- Exercise -
Give back the line where "X0000101680307200807311525" appears and all the lines after it until the listing ends, unchanged and with nothing else.
======== Records shown
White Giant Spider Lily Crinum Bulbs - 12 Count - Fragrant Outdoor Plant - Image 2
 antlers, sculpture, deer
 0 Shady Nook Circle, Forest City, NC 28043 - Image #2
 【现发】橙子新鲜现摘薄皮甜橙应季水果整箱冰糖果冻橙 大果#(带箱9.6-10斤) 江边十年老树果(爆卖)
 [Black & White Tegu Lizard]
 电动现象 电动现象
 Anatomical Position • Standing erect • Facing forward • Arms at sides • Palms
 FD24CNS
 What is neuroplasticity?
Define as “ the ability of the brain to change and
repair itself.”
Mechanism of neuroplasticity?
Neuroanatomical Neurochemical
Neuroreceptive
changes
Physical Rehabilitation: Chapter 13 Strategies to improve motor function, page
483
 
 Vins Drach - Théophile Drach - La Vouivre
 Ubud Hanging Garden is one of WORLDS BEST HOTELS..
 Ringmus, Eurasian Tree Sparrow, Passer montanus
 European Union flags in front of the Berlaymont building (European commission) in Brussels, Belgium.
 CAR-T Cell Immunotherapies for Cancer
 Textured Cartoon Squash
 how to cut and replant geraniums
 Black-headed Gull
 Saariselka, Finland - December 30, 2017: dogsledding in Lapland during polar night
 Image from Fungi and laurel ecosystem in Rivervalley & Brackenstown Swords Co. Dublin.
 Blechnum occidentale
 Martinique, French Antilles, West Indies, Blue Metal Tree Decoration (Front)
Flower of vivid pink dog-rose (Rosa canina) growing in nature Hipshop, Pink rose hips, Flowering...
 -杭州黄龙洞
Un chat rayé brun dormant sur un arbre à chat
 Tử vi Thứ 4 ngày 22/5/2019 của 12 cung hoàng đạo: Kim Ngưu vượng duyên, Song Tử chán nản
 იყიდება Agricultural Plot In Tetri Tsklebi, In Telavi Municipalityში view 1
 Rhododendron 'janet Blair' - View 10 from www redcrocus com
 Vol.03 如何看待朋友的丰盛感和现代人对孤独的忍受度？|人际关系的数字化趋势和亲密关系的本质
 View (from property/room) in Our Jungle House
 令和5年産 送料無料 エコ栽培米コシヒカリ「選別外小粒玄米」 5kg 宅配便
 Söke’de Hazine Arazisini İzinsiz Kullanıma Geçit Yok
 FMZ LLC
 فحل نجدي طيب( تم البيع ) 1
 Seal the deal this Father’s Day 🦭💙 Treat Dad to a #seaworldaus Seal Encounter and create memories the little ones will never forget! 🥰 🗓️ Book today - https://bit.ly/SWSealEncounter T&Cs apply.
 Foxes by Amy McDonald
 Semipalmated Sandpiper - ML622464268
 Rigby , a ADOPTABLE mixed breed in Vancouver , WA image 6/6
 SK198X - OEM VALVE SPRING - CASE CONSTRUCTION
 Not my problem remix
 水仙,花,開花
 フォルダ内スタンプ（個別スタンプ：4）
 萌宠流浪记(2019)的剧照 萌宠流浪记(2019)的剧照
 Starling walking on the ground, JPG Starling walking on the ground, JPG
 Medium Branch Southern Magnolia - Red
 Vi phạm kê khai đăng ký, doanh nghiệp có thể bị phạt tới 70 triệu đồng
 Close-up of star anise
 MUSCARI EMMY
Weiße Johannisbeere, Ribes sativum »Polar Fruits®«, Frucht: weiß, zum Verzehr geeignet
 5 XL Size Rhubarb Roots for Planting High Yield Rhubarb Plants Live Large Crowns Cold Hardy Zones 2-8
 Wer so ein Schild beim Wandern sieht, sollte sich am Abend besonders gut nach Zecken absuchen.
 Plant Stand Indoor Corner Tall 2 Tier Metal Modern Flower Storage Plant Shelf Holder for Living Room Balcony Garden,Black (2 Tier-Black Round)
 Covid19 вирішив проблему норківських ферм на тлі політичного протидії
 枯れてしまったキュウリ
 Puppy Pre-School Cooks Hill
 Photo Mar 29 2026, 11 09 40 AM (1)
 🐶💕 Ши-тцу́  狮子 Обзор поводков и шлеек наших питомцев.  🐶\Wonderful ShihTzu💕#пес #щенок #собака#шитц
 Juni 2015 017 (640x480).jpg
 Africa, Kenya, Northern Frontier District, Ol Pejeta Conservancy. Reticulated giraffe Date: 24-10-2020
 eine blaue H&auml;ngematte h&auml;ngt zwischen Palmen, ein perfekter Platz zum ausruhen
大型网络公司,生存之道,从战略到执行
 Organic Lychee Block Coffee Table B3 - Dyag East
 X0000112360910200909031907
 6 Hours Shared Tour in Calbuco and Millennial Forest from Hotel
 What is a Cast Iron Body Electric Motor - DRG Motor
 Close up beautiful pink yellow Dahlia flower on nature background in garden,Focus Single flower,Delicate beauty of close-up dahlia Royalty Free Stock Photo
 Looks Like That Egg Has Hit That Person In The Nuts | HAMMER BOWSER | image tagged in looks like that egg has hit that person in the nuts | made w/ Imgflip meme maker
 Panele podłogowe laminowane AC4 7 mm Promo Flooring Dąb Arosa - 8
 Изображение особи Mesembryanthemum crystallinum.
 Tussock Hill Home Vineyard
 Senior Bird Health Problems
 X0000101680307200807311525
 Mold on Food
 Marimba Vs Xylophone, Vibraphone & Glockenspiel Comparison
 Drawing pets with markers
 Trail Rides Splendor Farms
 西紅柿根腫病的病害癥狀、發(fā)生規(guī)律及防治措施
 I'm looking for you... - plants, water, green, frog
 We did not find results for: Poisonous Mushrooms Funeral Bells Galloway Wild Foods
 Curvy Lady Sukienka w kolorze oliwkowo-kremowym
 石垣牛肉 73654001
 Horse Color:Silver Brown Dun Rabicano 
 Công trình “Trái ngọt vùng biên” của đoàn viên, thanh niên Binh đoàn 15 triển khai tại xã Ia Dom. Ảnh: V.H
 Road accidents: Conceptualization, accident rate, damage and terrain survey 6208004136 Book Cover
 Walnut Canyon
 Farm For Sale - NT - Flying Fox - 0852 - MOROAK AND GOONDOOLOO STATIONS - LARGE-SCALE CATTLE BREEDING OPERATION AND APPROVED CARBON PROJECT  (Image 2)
================
- Answer to this task -
 X0000101680307200807311525
 Mold on Food
 Marimba Vs Xylophone, Vibraphone & Glockenspiel Comparison
 Drawing pets with markers
 Trail Rides Splendor Farms
 西紅柿根腫病的病害癥狀、發(fā)生規(guī)律及防治措施
 I'm looking for you... - plants, water, green, frog
 We did not find results for: Poisonous Mushrooms Funeral Bells Galloway Wild Foods
 Curvy Lady Sukienka w kolorze oliwkowo-kremowym
 石垣牛肉 73654001
 Horse Color:Silver Brown Dun Rabicano 
 Công trình “Trái ngọt vùng biên” của đoàn viên, thanh niên Binh đoàn 15 triển khai tại xã Ia Dom. Ảnh: V.H
 Road accidents: Conceptualization, accident rate, damage and terrain survey 6208004136 Book Cover
 Walnut Canyon
 Farm For Sale - NT - Flying Fox - 0852 - MOROAK AND GOONDOOLOO STATIONS - LARGE-SCALE CATTLE BREEDING OPERATION AND APPROVED CARBON PROJECT  (Image 2)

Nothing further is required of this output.